RNAseq analysis on metastatic Colorectal Cancer

In this study we want present a bank of metastatic colorectal cancer (mCRC) Patient Derived Organoids (PDOs) obtained from Patient Derived Xenografts (PDXs). These models are annotated with different omics to advance our understanding of CRC. We wanted to create a resource for the scientific community to assess the predictive reliability of these preclinical models. We performed comparative analyses between PDOs and matched PDXs to assess the similarities of these two platforms regarding molecular profiles and transcriptional classification. Moreover, we analyzed how these models respond to Cetuximab, a chimeric monoclonal antibody, normally given to patients after chemotherapy, that inhibits EGFR. After having assessed models’ reliability with Cetuximab, we aimed at identifying potential synergistic drugs to individuate new possible therapeutic prospects. Transcriptional profiles were obtained with RNA sequencing – we aligned reads with STAR on a hybrid human-mouse genome, in order to remove the mouse derived reads without requiring a pre-filtering step. Reads were assigned to human genes with FeatureCounts, then we used DESeq2 to obtain normalized expression values and perform differential expression analyses. All analytical pipelines have been implemented with Snakemake as a workflow management system, to ensure portability and reproducibility. ---------------------------------------------- Authors state the following "Raw data with reads from our samples need controlled access, since they derive from human tumors." ---------------------------------------------- Clarification for columns “cell type”, “cell line” and “treatment”. The column “cell type” defines the type of samples LM: liver metastasis PR: primary (from colon) The column “cell line” defines the origin of samples H: patients X: xenografts O: organoids The column “treatment” describes the experiments done with cetuximab cetuxi: treated samples (72h (written as h) or 6w for xenografts) NT: non-treated control The word “basale” indicates xenografts or organoids grown in normal conditions. They are not the non-treated control of the cetuximab experiments.

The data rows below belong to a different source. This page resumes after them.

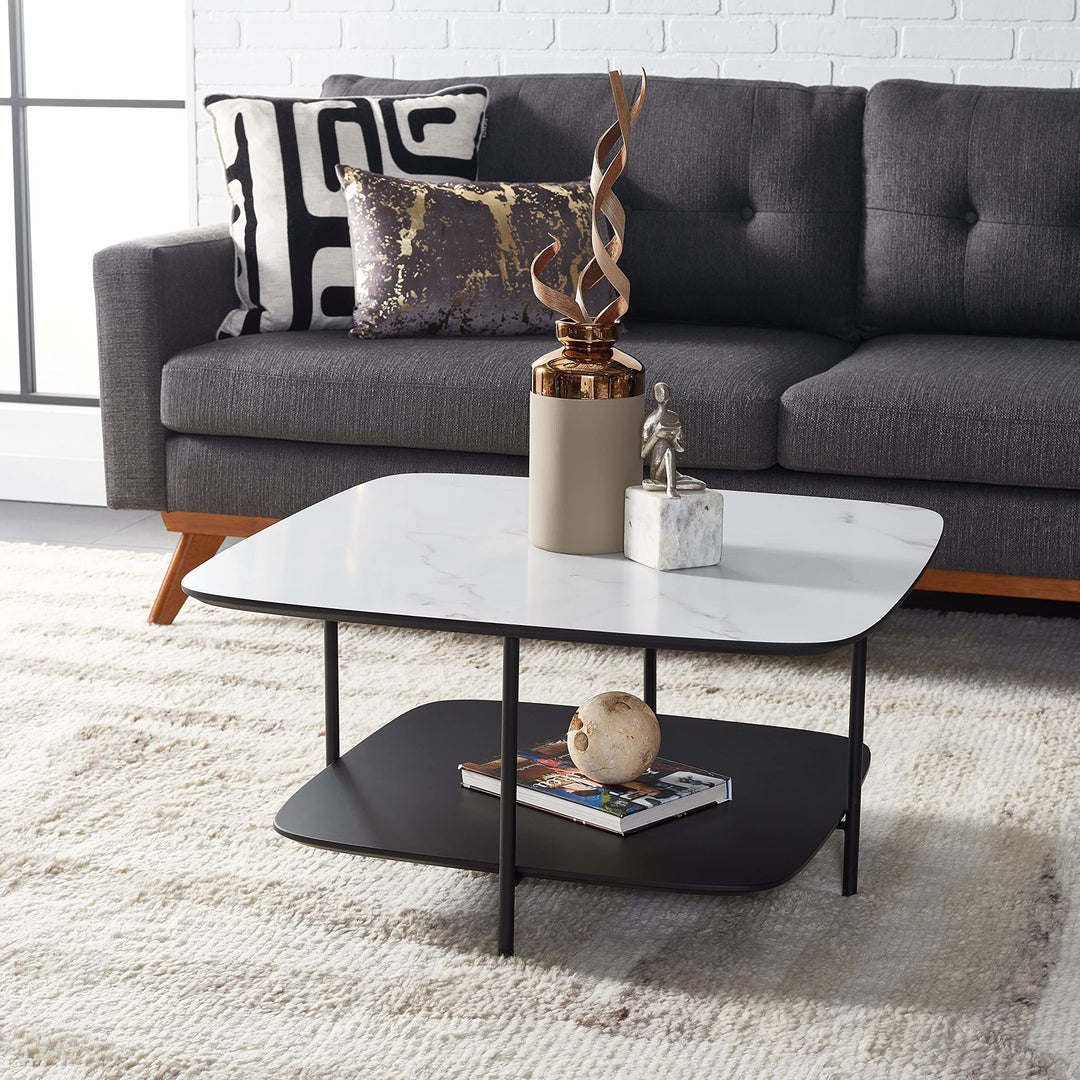 Modern 2-Tier Square Coffee Table 30 in. W X D 15 H Black White Contemporary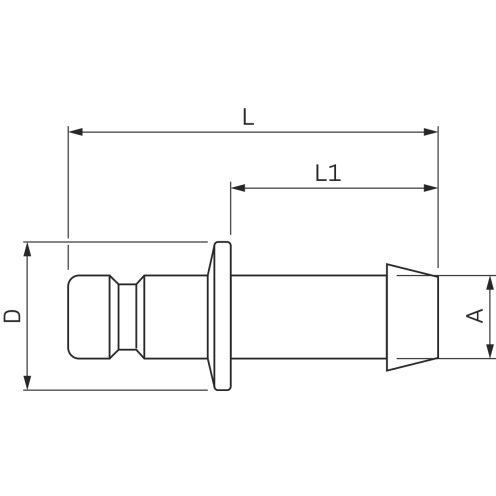 Stecknippel ESMC DN 2,7 mit Tülle, Messing blank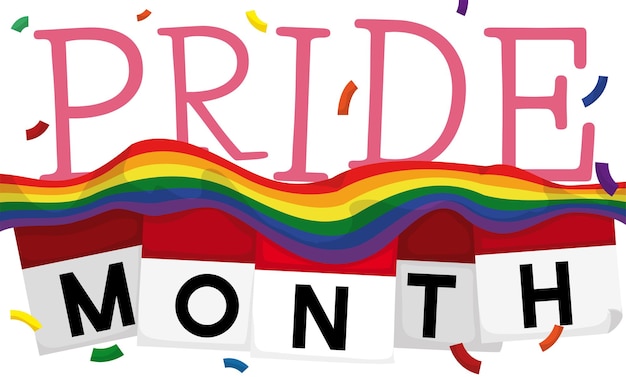 Calendars under rainbow flag and greeting message for Pride Month celebration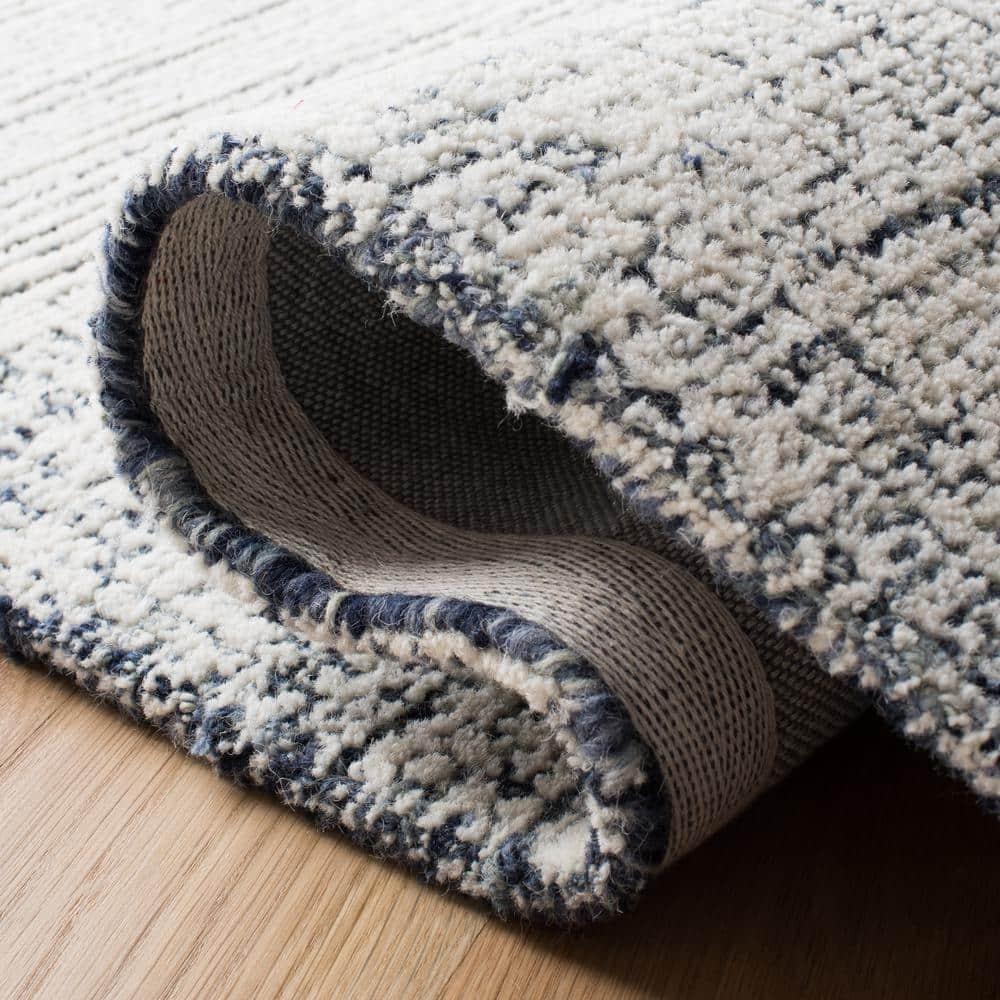 SAFAVIEH Abstract Augustine Geometric Wool Area Rug, Ivory/Navy, 10' x 14'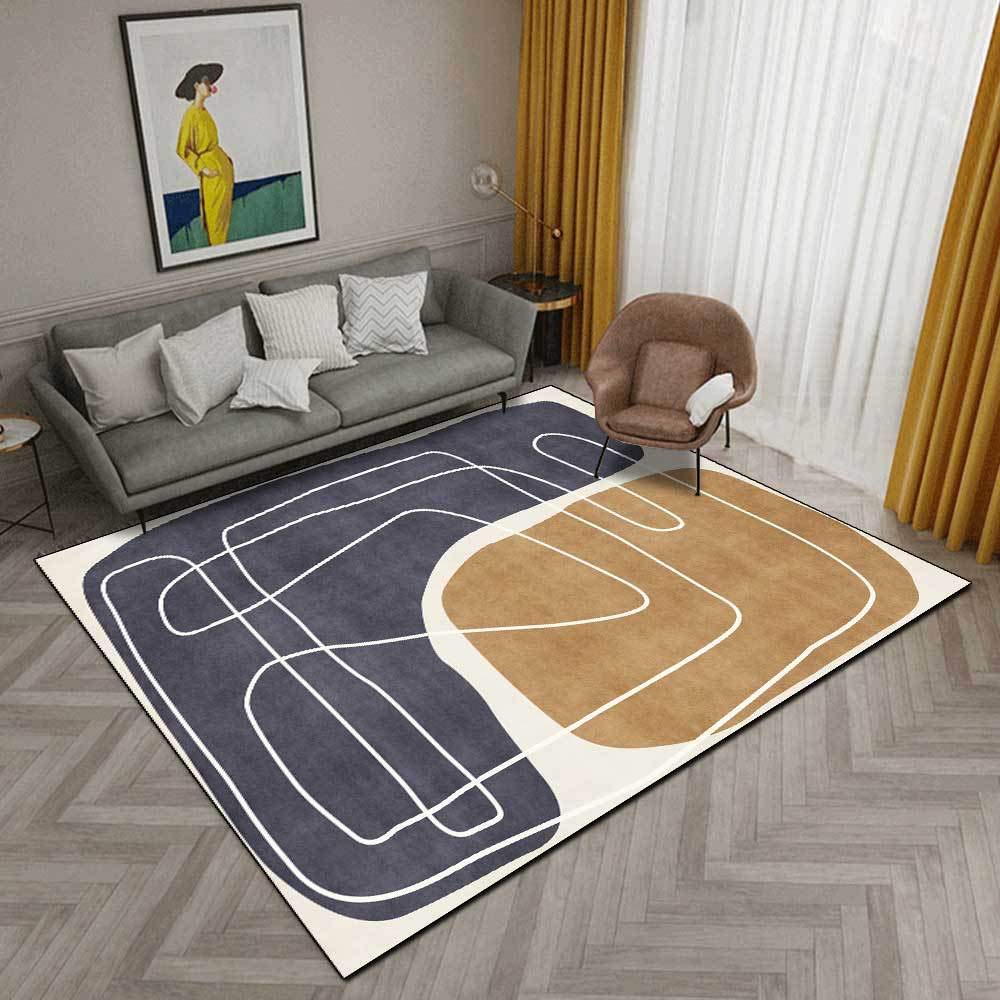 Tapis de Zone,Tapis De Salon Lavable, AntidéRapant, pour L'IntéRieur, Chambre à Coucher, Salon, Salle à,Marron Bleu foncé Moderne,180x270cm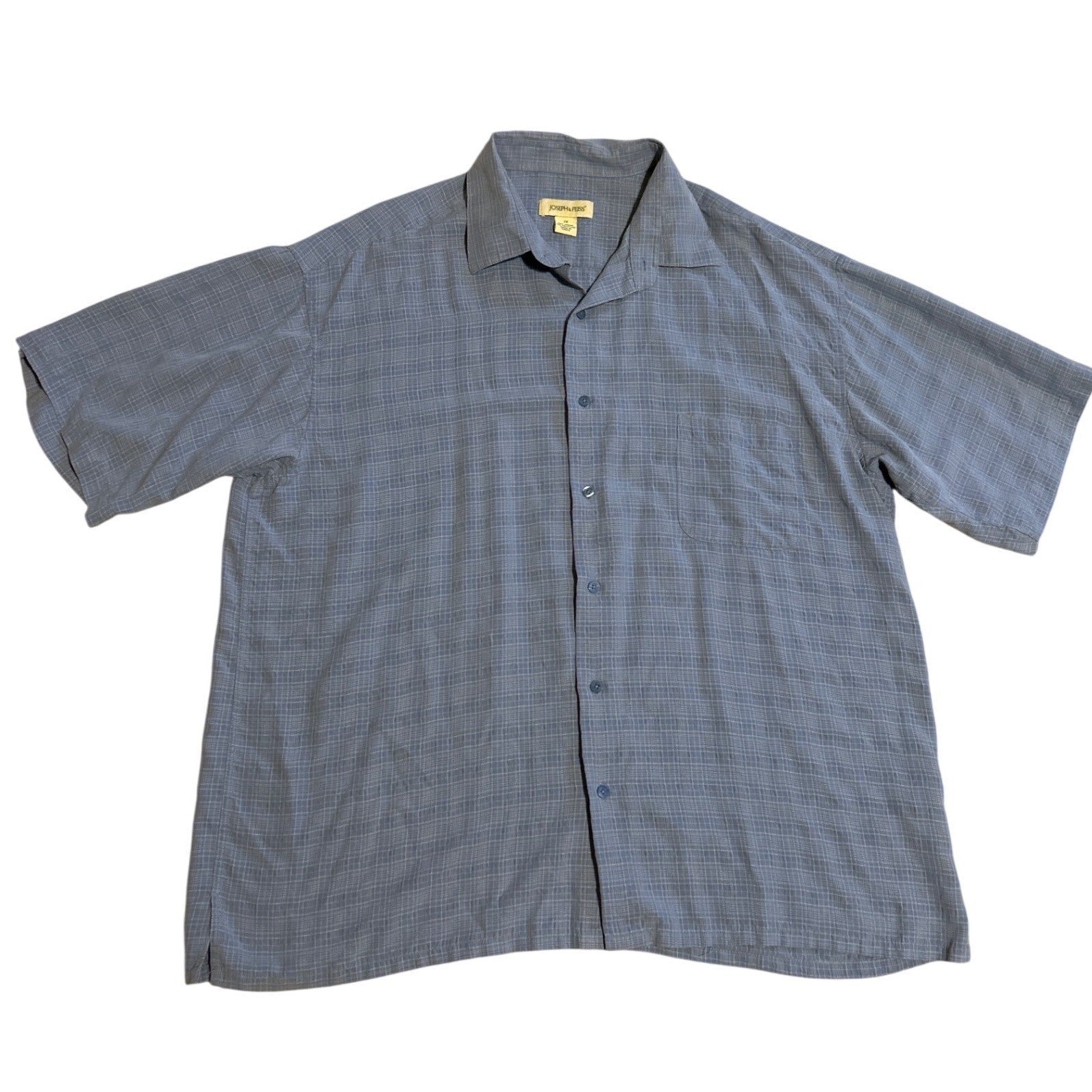 Joseph & Feiss Mens 2X Blue Plaid Short Sleeve Button Down Modal Blend Shirt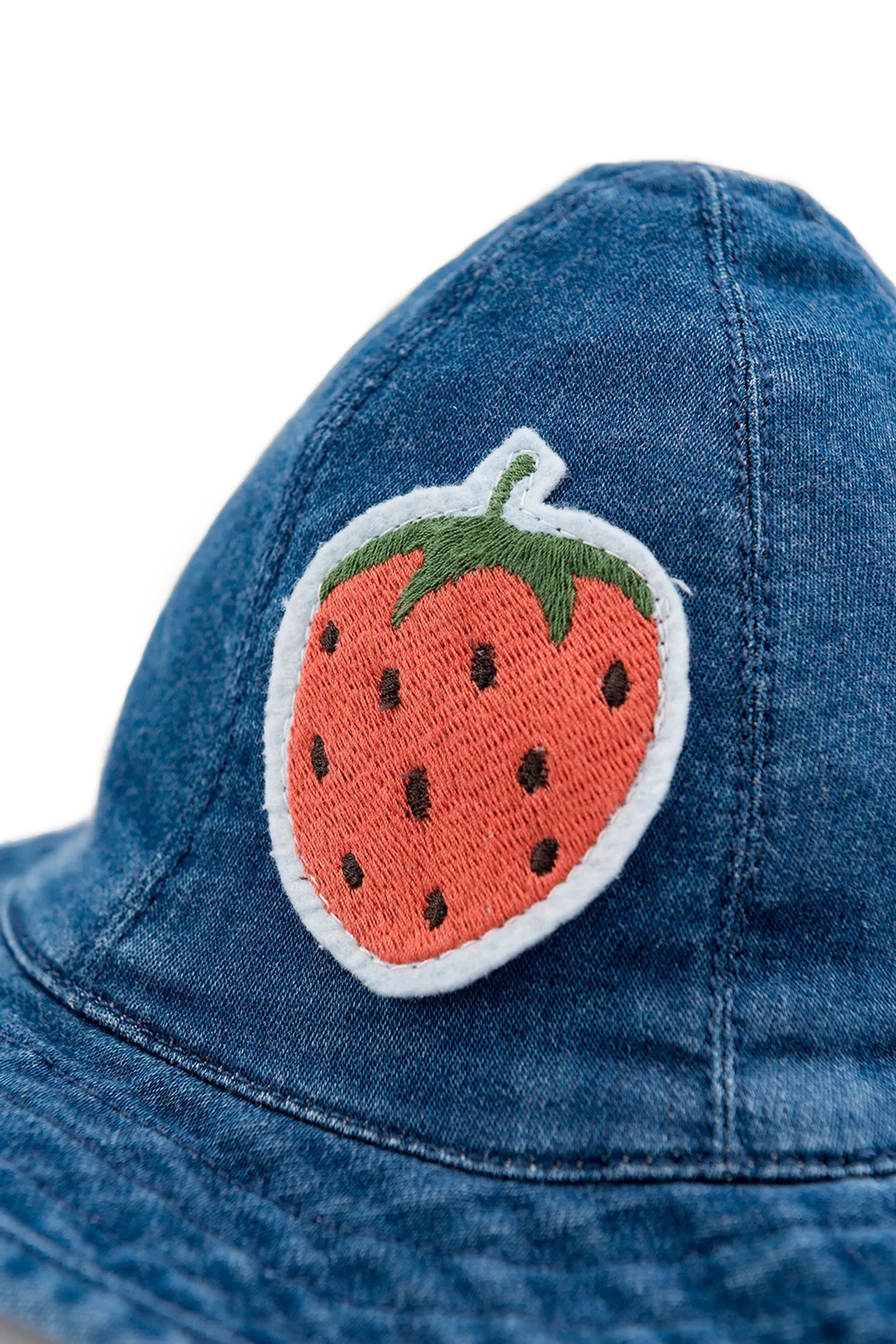 панама MINI RODINI KIDS Denim strawberry sun hat
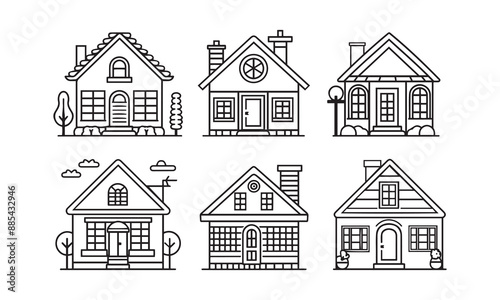 set of houses sketch , Black home silhouettes group line icon , stylish and eye-catching house front icon collection isolated vector Illustration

本研究旨在构建一套源自患者来源异种移植模型（Patient Derived Xenografts, PDXs）的转移性结直肠癌（metastatic colorectal cancer, mCRC）患者来源类器官（Patient Derived Organoids, PDOs）资源库。本研究对这些模型进行多组学注释，以加深对结直肠癌（colorectal cancer, CRC）的认知。我们旨在为科研群体提供一套可用于评估此类临床前模型预测可靠性的研究资源。我们对类器官（PDOs）与配对异种移植模型（PDXs）开展比较分析，以评估这两类模型平台在分子谱特征与转录组分类方面的相似性。此外，我们分析了这些模型对西妥昔单抗（Cetuximab）的应答情况：西妥昔单抗是一种嵌合单克隆抗体，通常用于化疗后患者，可抑制表皮生长因子受体（epidermal growth factor receptor, EGFR）。在通过西妥昔单抗评估模型可靠性后，本研究旨在筛选潜在协同药物，以发掘全新的治疗方向。 转录组谱通过RNA测序获取：我们将测序读段（reads）与STAR工具比对至人-鼠混合基因组，以此在无需预过滤步骤的前提下去除小鼠来源的读段。我们使用FeatureCounts工具将读段注释至人类基因，随后借助DESeq2工具获取标准化表达量并开展差异表达分析。所有分析流程均以Snakemake作为工作流管理系统构建，以确保分析的可移植性与可重复性。 ---------------------------------------------- 作者作出如下声明："本研究样本的测序读段原始数据需受控访问，因其源自人类肿瘤组织。" ---------------------------------------------- 以下对"细胞类型""细胞系"与"处理方式"三列进行说明： "细胞类型"列用于定义样本类型：LM为肝转移灶（liver metastasis），PR为原发结直肠癌灶（源自结肠，primary (from colon)）； "细胞系"列用于定义样本来源：H为患者样本，X为异种移植模型，O为类器官模型； "处理方式"列用于说明西妥昔单抗相关实验分组：cetuxi为经西妥昔单抗处理的样本（对于异种移植模型，处理时长为72小时即标注为h，或6周）；NT为未处理对照组； "basale"（基础组）指在正常培养条件下生长的异种移植模型或类器官模型，其并非西妥昔单抗实验中的未处理对照组。